Liberian hip-hop culture is a mixture of standard English, tribal languages and Koloquo (a form of broken English) that is understood across all sixteen Liberian Tribes. For this reason, the term “hipco” or “trapco” is used to categorize the hip-hop genre in Liberia.
Bucky Raw, a well known Hipco artist, captures the collective memory of the war through his lyrics. His name alone gives listeners insight into his lyrical style which stands as resistance against the Liberian government. He is raw in the sense that his rhymes are not sugar coated but rather, they are rhymes that expose deeper truths about the shared experience among Liberians.

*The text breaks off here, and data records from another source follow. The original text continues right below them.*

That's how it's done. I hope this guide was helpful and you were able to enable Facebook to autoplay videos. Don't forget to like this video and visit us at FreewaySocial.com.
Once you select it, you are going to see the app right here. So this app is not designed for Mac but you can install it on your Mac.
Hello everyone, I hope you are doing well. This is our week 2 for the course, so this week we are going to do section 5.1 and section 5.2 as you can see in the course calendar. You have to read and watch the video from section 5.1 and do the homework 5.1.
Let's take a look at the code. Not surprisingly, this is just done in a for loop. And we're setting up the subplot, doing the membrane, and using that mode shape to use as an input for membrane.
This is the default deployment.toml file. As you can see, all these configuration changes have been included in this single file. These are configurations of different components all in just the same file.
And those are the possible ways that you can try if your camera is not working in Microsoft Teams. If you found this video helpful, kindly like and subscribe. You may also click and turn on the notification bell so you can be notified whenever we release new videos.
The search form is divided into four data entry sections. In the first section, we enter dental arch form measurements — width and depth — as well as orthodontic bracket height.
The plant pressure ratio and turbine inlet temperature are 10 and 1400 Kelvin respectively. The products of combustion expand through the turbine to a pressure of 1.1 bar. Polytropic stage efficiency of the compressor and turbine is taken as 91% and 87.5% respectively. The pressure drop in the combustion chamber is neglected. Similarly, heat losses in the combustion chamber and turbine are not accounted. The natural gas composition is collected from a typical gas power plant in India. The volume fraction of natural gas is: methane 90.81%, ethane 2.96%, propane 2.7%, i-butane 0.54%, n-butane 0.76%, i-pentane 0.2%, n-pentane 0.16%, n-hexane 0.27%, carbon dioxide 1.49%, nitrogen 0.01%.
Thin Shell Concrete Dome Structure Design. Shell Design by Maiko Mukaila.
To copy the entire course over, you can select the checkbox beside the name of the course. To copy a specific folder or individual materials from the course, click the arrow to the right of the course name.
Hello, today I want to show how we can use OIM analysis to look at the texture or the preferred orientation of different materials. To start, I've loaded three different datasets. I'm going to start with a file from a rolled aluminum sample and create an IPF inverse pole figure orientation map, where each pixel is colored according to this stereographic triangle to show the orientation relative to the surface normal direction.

It wasn’t until last year, when Bucky raw became famous after showcasing his lyrical genius during a cypher battle. In his freestyle, he switches from pure hip-hop to hipco and then to his native dialect. Bucky paints a picture of his life when he says “child soldiers worshiping the warlords my testimony.” Listeners can understand that he is making a reference to a period when Liberia was on its knees (figuratively speaking), a period when children were forced to grow up before their time. He goes further to say, “seeking for refuge and using poison ivy for mattress…I’m reminiscing on maggots feasting on dead corpse…the missing limbs, the battle scars, something we cope with.” In addition, he expresses that the brutal nature of war forced him to grow up as a “savage ducking strikes from automatics.” Bucky Raw and his family were able to escape to Buduburam refugee camp, in Ghana, where they slept in “refugee tents.” Later, they migrated to America, where Bucky’s troubled young self, was still unable to find peace. Bucky turned to poetry as a coping mechanism for dealing with his past. He credits his early influences to American rappers Tupac, Jay Z, and Biggie.
In his hit song, “Temptation”, Bucky introduces his listeners to the world of “politrics” which is a koloquo term used to describe government corruption. He opens with his yearning to be the voice for the voiceless and a savior for the poor. When Bucky says “some people dey say I trouble, they really don kno my struggle,” he is speaking to the unforgettable scars and inner battles that lead many Liberian youths to a state of frustration and anger. He mentions this because conditions such as depression, anxiety, and post-traumatic stress disorders(PTSD)are ignored in Liberia. Citizens are expected to lead a normal life while enduring deleterious State violence. Moreover, Bucky describes the government to behave selfishly “bluffin in their suites” and “eating mah” while babies starve. Here, he is expressing that the government is enjoying a luxurious lifestyle, while their citizens are suffering. In another verse, Bucky provides reassurance for the youth; he explains that they are not alone in their hardships and that they should allow “trapco to cover their wounds”. He ends the song with, “when dey will tell the truth, la when dey will feed the youth, la when dey will sit down to hear the people point of view.” He is pleading with the higher-ups of the nation to practice honesty, to nourish the youth, and to listen to their citizens’ needs.
As we can see, Bucky Raw’s lyrics aren’t made up of meaningless raps and rhymes but with depth and truth. He incorporates this truth in an edgy and spectacular fashion of hip-hop and hipco mixed together. By doing this, he gives his listeners clear and relatable visuals of the life of a child soldier and a survivor.